日本のじゃがいもの代表品種である「男爵薯(だんしゃくいも)」は日本全国にその味が知れ渡っていますが、北海道のじゃがいも栽培の三割以上の作付面積を誇るこの「男爵薯」の栽培を成功させ、北海道農業の近代化のために尽力したのが「男爵薯の父」と称される川田龍吉(かわだ りょうきち・1856~1951)です。

三菱財閥の創設者・岩崎弥太郎の盟友で後に日本銀行総裁となる土佐藩郷士・川田小一郎(かわだ こいちろう)を父にもつ龍吉は、イギリスで造船技術を学んだ後、函館ドッグ(現函館どつく)の再建のため北海道に渡り、実業家としての手腕を発揮するかたわら、趣味の園芸にもいそしみ、別荘と農場を買い求め、農業の研究も続けました。

すでにその頃の北海道では馬鈴薯(じゃがいものこと)の生産が盛んでしたが、明治二十年代以降、全道的に馬鈴薯の病害、虫害が発生し、全滅するほどの被害を受けていました。この被害を何とかしたいと考えた龍吉は、函館ドッグ勤務の傍ら、欧米から農業専門書を取り寄せて研究します。そして病害虫に強い不死身の馬鈴薯の新種に関する記事をみつけ、この新種をアメリカから取り寄せ、七飯村(現北海道亀田郡七飯町)の農場で試作します。

この試作実験を続けていくと病害虫に強いだけでなく生育期間も短く、夏の短い北海道にも適し、二毛作も可能という優れた品種であることがわかると、この種いもを分けてほしいという人が続出し、たちまち全道に普及しました。

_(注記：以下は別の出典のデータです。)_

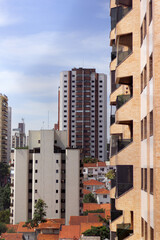 Fototapeta na wymiar Building from São Paulo, Perdizes
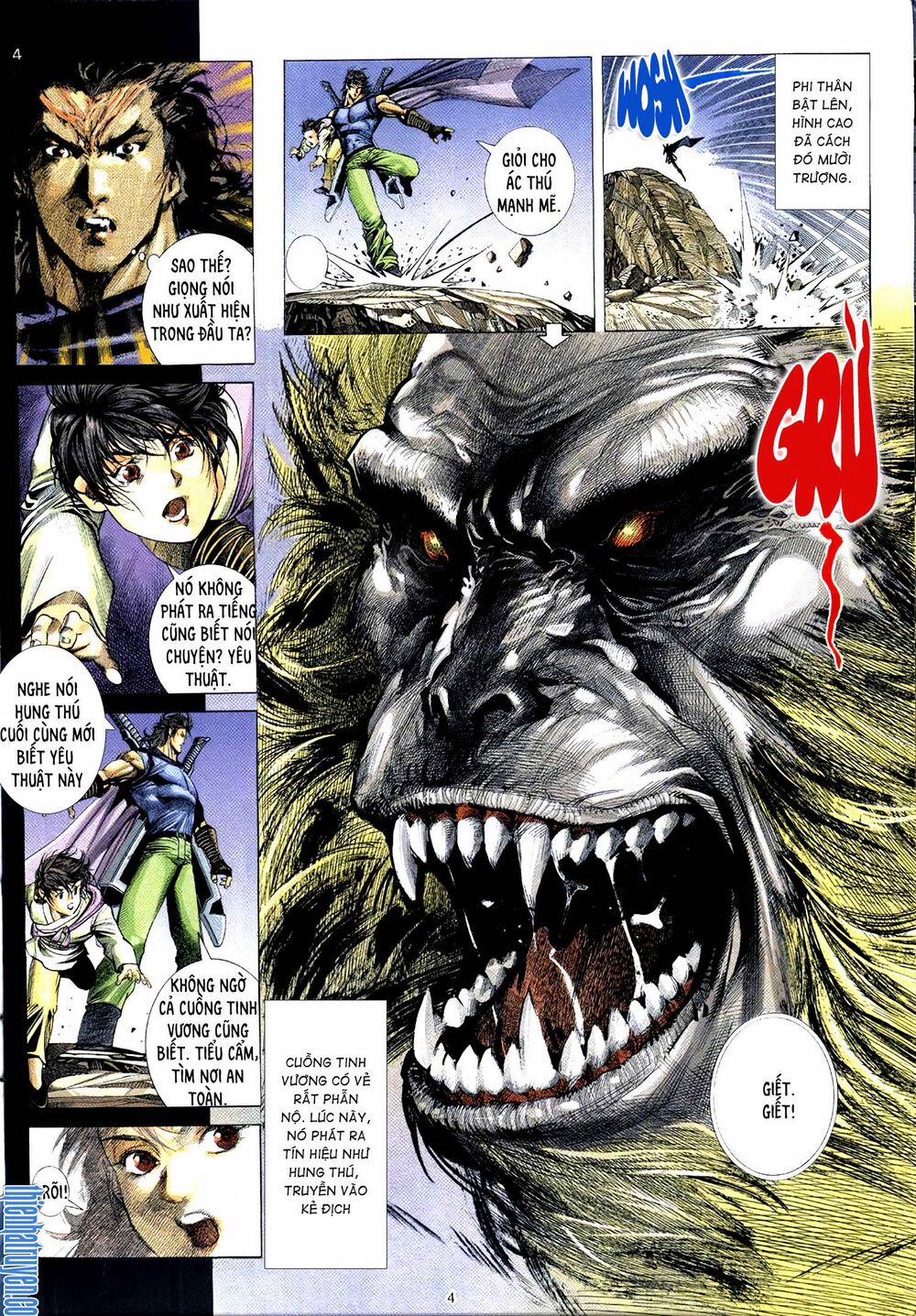 Hung Thú Võ Giả 5 trang 3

龍吉は、函館ドッグを退職したあとも東京へは戻らず、残された生涯を北海道農業近代化のためにささげることを決意し、当別(現北斗市当別・男爵資料館)に千二百町歩ほどの農場を建設します。アメリカ製の農機具を多数輸入するなど最新の農業設備を導入し、機械化による農業を試み、畑作から酪農、乳製品作りを行いました。このおかげで1913年(大正2)の大飢饉の際には、近隣の住民が食料難を乗り切ったと伝えられています。いつしか農民たちは、龍吉の普及させたジャガイモを「男爵いも」と呼ぶようになりました。龍吉が「男爵薯の父」と呼ばれる所以です。

🔵「北海道稲作の父」中山久蔵

日本人の主食である米ですが、北海道は寒冷地のため近代に入るまで稲作は行われませんでした。明治時代に入り、北海道ではじめて稲作を成功させ、「北海道稲作の父、寒冷地稲作の父」と呼ばれているのが中山久蔵(なかやま きゅうぞう・1828~1919)です。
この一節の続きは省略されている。